*What you will do*. Within the listing, how many lines hold the word "Beanie"? Give the number by itself.

== == ==

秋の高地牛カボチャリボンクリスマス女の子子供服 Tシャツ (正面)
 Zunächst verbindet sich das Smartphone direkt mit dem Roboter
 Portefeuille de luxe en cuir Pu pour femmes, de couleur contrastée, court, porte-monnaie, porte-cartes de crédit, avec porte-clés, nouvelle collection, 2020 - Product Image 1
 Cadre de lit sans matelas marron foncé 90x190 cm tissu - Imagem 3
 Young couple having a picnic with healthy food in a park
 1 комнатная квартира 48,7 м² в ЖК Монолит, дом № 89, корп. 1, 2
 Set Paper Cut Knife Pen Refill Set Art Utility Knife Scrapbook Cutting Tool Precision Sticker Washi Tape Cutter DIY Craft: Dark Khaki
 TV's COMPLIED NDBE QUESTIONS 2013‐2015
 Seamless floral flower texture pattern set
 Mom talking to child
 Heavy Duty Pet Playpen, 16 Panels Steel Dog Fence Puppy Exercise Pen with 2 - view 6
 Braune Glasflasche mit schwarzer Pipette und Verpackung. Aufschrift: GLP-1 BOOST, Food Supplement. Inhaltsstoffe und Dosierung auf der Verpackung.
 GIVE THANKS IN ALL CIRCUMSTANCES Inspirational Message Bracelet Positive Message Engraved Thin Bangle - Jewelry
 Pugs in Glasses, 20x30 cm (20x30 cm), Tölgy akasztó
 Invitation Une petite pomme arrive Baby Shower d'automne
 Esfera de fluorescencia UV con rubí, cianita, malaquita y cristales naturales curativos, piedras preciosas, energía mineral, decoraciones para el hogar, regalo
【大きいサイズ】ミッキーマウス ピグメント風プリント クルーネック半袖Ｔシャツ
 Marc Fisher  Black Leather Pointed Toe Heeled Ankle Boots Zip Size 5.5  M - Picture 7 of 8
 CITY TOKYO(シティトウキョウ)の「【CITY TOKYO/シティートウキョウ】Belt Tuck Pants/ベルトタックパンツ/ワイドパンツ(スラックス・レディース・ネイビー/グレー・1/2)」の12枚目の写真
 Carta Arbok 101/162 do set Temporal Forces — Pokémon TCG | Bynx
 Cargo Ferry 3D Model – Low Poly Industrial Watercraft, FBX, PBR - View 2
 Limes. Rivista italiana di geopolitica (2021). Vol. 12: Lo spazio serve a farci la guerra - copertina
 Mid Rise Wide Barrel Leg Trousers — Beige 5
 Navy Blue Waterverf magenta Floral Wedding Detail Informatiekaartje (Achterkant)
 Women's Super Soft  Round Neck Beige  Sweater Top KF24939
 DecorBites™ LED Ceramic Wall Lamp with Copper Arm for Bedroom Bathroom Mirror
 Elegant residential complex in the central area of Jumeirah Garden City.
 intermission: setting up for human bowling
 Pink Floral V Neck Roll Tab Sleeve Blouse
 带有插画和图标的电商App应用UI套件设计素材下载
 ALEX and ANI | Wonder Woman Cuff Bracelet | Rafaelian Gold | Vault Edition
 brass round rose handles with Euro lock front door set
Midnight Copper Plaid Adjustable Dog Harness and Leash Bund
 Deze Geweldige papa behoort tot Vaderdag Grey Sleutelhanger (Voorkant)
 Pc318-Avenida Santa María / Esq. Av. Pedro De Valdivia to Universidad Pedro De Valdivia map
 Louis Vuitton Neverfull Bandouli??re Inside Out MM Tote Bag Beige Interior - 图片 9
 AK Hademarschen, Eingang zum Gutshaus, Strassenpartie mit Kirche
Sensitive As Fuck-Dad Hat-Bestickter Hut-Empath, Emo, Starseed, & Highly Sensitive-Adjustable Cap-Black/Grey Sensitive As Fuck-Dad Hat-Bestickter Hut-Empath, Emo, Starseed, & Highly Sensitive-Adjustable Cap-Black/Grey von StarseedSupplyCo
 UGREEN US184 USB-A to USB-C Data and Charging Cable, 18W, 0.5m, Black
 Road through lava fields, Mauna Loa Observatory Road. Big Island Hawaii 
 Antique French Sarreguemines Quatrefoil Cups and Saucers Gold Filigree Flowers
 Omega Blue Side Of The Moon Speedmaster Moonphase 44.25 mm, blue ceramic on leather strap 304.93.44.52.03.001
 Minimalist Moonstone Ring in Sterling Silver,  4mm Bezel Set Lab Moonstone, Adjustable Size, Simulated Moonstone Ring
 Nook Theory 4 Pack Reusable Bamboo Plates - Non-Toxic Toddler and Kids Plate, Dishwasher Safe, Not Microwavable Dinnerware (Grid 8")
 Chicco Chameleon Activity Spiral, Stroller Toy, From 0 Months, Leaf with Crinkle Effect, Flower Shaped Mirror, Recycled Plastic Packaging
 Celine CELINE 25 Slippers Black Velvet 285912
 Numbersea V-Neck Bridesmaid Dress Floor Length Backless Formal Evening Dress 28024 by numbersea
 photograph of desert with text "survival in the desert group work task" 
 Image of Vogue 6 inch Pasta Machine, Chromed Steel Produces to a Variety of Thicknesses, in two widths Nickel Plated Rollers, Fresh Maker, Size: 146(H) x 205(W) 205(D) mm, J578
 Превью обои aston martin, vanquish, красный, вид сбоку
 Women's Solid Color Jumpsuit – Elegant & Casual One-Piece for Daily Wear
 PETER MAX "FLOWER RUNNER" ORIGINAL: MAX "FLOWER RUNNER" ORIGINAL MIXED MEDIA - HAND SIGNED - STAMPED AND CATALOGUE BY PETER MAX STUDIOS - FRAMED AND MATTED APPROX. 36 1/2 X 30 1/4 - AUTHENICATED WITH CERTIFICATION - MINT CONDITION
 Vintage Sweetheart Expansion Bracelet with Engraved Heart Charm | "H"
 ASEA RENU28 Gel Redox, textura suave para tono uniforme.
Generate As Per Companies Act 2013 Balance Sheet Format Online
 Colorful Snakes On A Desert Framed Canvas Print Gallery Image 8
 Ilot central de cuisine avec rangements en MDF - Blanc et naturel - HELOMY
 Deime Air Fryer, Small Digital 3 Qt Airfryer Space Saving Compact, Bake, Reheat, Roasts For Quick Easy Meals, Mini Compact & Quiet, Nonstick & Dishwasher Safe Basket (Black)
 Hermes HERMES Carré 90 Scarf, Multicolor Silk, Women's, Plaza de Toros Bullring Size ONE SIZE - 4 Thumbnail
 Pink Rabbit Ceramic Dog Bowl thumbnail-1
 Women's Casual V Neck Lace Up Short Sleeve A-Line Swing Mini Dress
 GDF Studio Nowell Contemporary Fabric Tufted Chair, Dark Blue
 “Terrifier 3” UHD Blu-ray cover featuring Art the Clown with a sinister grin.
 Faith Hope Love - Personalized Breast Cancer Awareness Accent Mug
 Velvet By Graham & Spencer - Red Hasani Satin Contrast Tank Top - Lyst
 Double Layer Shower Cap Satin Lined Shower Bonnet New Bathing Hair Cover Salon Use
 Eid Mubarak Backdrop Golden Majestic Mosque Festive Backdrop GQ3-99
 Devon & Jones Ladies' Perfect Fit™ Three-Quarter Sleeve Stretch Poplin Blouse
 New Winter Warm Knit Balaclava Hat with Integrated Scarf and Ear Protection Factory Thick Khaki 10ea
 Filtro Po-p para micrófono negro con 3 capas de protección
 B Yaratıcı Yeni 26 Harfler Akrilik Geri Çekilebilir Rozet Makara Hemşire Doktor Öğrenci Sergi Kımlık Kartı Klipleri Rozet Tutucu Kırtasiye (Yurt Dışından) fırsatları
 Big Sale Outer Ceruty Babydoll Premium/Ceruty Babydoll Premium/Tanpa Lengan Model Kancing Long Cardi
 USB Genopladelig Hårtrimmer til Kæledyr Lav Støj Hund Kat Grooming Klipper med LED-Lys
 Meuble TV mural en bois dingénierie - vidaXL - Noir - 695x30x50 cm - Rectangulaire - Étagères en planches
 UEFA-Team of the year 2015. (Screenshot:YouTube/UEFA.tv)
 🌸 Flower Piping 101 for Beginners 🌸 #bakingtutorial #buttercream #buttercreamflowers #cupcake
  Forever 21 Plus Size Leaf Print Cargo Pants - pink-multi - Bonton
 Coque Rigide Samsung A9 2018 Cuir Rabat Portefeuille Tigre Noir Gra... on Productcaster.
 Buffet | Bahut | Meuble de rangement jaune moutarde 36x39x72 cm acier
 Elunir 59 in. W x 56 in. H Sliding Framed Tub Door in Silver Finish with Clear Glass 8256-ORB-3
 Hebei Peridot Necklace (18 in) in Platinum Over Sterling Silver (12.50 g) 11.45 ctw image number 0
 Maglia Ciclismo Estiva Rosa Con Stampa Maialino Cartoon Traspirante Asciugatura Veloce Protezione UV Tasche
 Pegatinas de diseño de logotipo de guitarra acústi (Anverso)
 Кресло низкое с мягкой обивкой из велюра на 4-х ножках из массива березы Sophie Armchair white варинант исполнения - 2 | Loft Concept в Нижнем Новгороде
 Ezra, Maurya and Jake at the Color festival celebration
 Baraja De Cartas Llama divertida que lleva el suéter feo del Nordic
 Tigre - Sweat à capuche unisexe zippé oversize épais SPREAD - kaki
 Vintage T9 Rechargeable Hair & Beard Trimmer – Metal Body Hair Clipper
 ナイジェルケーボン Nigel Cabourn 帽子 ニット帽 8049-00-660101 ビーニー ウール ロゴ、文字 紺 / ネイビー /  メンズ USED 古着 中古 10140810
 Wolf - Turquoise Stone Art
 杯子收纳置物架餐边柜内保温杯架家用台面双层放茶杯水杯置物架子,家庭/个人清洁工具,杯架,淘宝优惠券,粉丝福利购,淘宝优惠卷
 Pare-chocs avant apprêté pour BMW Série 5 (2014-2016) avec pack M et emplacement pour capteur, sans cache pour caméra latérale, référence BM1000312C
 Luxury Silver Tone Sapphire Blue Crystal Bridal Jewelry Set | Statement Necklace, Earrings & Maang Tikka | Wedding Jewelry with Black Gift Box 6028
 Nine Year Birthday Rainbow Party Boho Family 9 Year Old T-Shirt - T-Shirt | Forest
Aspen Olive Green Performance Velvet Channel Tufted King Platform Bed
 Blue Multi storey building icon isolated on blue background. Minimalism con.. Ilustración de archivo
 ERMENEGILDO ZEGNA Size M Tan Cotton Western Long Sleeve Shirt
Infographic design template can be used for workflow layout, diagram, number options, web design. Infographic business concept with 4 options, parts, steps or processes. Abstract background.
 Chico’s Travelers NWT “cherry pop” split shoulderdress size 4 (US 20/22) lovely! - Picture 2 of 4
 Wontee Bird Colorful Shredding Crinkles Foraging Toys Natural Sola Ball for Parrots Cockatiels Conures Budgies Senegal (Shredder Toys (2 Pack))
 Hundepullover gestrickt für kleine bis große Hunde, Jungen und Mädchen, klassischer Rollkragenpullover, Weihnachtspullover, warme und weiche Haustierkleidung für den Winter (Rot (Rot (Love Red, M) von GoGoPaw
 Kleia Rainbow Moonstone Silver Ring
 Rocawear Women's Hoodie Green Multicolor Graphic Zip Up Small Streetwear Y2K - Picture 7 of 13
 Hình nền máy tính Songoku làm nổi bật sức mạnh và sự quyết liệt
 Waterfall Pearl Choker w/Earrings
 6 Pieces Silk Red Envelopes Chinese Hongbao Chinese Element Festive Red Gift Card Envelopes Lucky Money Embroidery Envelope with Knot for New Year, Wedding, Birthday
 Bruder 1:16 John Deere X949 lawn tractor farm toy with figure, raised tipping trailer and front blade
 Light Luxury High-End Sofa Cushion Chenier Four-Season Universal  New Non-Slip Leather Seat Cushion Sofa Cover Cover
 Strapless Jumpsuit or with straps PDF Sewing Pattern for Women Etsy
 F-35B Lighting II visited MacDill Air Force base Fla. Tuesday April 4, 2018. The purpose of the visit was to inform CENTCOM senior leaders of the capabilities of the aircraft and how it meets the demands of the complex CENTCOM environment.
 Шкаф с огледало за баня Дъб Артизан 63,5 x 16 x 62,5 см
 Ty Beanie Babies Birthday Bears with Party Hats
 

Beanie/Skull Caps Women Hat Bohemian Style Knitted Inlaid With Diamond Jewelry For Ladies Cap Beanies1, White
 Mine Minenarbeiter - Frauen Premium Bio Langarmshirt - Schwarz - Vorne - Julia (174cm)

== == ==

*Response box*. 2